Сказки эти для меня – новый жанр, мне было бы очень полезно знать, в какой мере они удачны, – я не самолюбив, со мной можно говорить просто и откровенно. Мне кажется, что если бы сказки оказались достаточно удобными для журнала и ценными с точки зрения социально-педагогической, их можно бы давать два раза в год, частью как фельетон на тему современности, частью же «вообще» на русские темы» (Архив А.М.Горького).

Из предполагавшихся новых десяти сказок в 1912 году была написана только одна (III по нумерации настоящего издания); 5 декабря 1912 года она была отправлена М.Горьким в редакцию газеты «Русское слово» (письмо М.Горького к И.П.Ладыжникову от 5 декабря 1912 года).

После появления сказки в печати поэт-декадент Ф.Сологуб, считая, что сказка направлена лично против него и его жены, А.Чеботаревской, написал М.Горькому письмо с протестом. В ответном письме 23 декабря 1912 года М.Горький отверг предположение, будто сказка имеет в виду какие-либо опредёленные лица. М.Горький указывал, что образ Смертяшкина вобрал в себя черты, свойственные декадентам вообще, в том числе и Ф.Сологубу. В 1932 или 1933 году в письме к одному из своих корреспондентов М.Горький писал:

«В «сказке» не пародируются стихи Сологуба, но есть пародия на стихи 3.Гиппиус – «О, ночному часу не верьте». Вероятно, когда я писал Смертяшкина, то имел в виду и пессимизм Сологуба» (Архив А.М.Горького).

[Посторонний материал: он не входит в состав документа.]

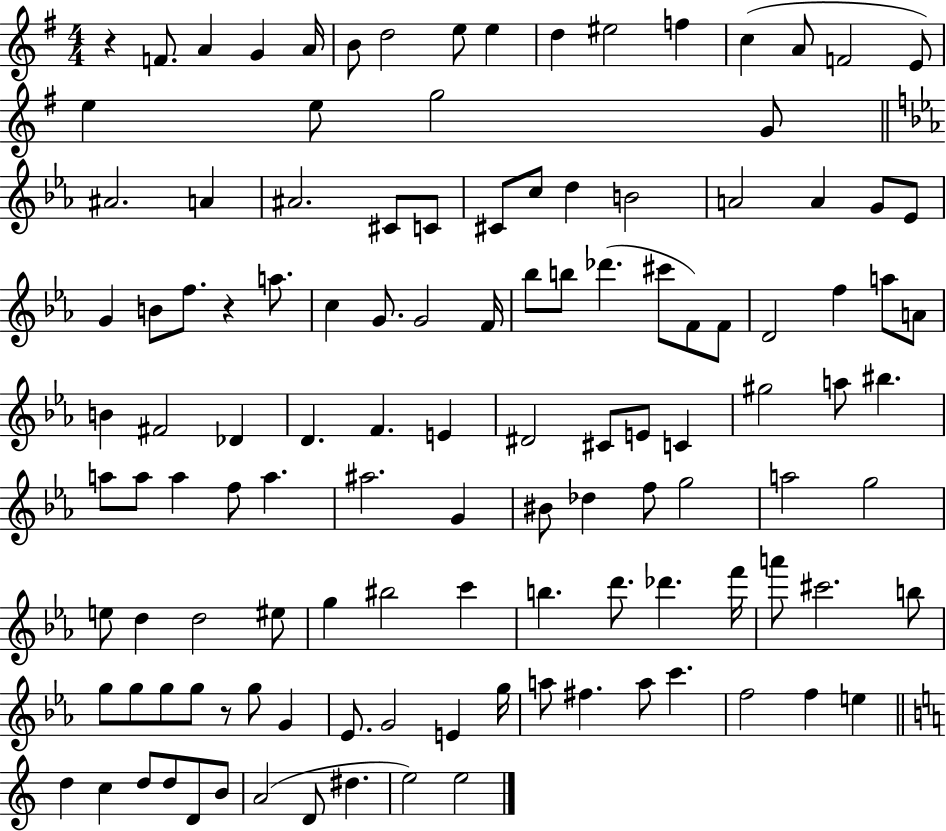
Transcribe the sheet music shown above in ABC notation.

X:1
T:Untitled
M:4/4
L:1/4
K:G
z F/2 A G A/4 B/2 d2 e/2 e d ^e2 f c A/2 F2 E/2 e e/2 g2 G/2 ^A2 A ^A2 ^C/2 C/2 ^C/2 c/2 d B2 A2 A G/2 _E/2 G B/2 f/2 z a/2 c G/2 G2 F/4 _b/2 b/2 _d' ^c'/2 F/2 F/2 D2 f a/2 A/2 B ^F2 _D D F E ^D2 ^C/2 E/2 C ^g2 a/2 ^b a/2 a/2 a f/2 a ^a2 G ^B/2 _d f/2 g2 a2 g2 e/2 d d2 ^e/2 g ^b2 c' b d'/2 _d' f'/4 a'/2 ^c'2 b/2 g/2 g/2 g/2 g/2 z/2 g/2 G _E/2 G2 E g/4 a/2 ^f a/2 c' f2 f e d c d/2 d/2 D/2 B/2 A2 D/2 ^d e2 e2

В Дневнике К.П.Пятницкого приводятся названия первых десяти сказок, очевидно, намечавшиеся М.Горьким:

Философ,

Поэт,

Смерть писателя,

Национальное лицо,

Помещик,

Евреи,

Два жулика,

Оронтий,

Непротивление злу,

Личность.

(Дневник К.П.Пятницкого, запись от 28 февраля 1912 года).

В печати сказки появились без названий, с порядковой нумерацией.

В рукописи и письмах М.Горького произведения настоящего цикла назывались «Русскими сказками», но заглавие это было изменено редактором журнала «Современный мир», и все журнальные публикации шли под названием «Сказки». 13 сентября 1912 года редактор журнала «Современный мир» писал М.Горькому:

«На днях выйдет в свет несколько запоздавшая сентябрьская книга «Современного мира». На первом месте – Ваши «Русские сказки», которые я, напуганный штрафами и конфискациями, позволил себе в последнюю минуту перекрестить просто в «Сказки». В соответствии с этим в трёх случаях, где действие происходит «в некотором царстве, в некотором государстве», я заменил вкраплённые в текст слова «Россия», «русский» – страной, отечеством, подданным» (Архив А.М.Горького).

В отдельных изданиях и собраниях сочинений цикл печатался под общим заглавием «Русские сказки».

Пять сказок (XII – XVI) написаны М.Горьким в 1917 году. Сказка XII, судя по примечанию редакции, впервые её опубликовавшей, написана 25 февраля; следующие четыре сказки – в марте – июне 1917 года.

«Русские сказки» включались во все собрания сочинений.

Печатаются по тексту, подготовленному М.Горьким для собрания сочинений в издании «Книга», с исправлениями по авторизованным машинописным и первопечатным текстам.